Tuesday, August 19, 2014

We Have NOT Forgotten the Anal Acoustics

Apparently, this story isn't apocryphal, and I've always loved those deadpan moments that Queen Elizabeth gave us 400+ years ago. Once upon a time, the Earl of Oxford broke wind in Her Majesty's presence and was so embarrassed that he left Court and didn't return for years. When he did show up again, the old Queen looked at him and commented, "My Lord, I had forgot the fart."

I'm reminded of that piece of royal irony when viewing the new Thom Tillis television ad:



Mr.

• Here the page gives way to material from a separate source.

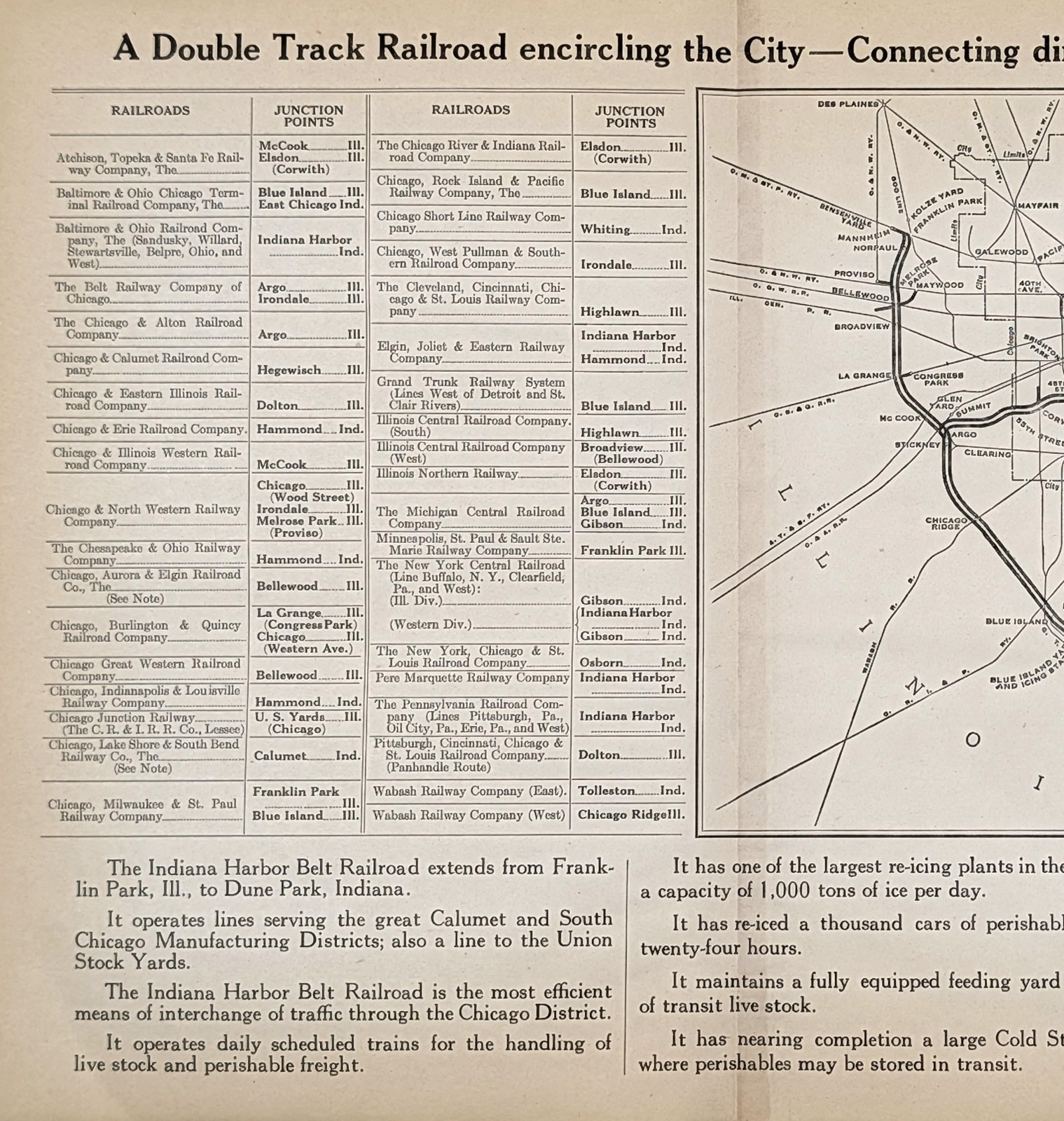 1925 INDIANA HARBOR BELT RAILROAD Map ORIGINAL Chicago – Gary – Indiana Harbor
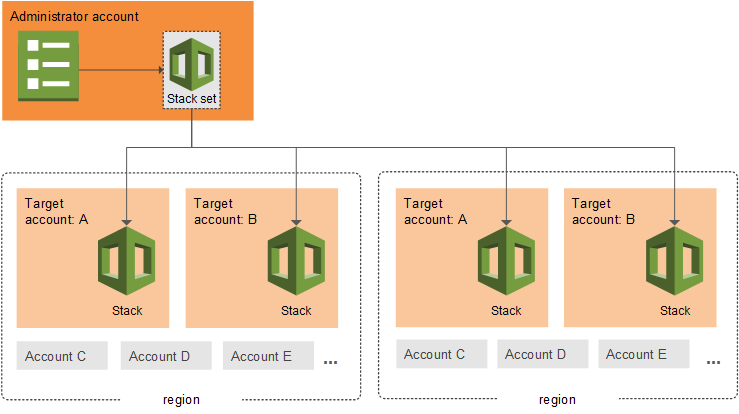 A stack set is a collection of resources in a template, that's deployed across multiple accounts and regions.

Tillis clearly wants us to forget the fart, the three-plus years he's presided over the dismantlement of what's good and even noble about North Carolina among all over Deep South states. Notice that the one job he fails to mention in this TV ad is the job he's held as Speaker of the NC House. But when he talks about "the mess" that's been created, he wants us to think "Washington." I think "Raleigh," and I think Thom Tillis.

Nice try, Mr. Tillis! But the odor of your deeds hangs heavy in the air.

Don't You Love the Smell of Republican Panic in the Morning?

It's becoming clear that the real reason that Art Pope resigned as state budget director is that his Republican troops in the General Assembly, so expensively elected in 2010 to take North Carolina down the smelly rabbit hole we're now buried in, are about to get some comeuppance from the voting public. Pope is the grand strategist Daddy Warbucks of the Right-Wing Takeover, and apparently the knuckleheads need him now more than ever. He quit state government in order to save it, at least his twisted version of it.

Thomas Mills details the approaching tsunami through recent polling of individual races for General Assembly seats, where Republican incumbents -- even in gerrymandered districts thought to be safe for Republicans -- are experiencing dissatisfaction and underwater polling numbers. Mills says that their "fix" for their own dismal lack of popularity is to begin early the usual deluge of negative mail, mainly saying Obamacare as often as possible and trying to tie their Democratic challengers to the Washington of Barack.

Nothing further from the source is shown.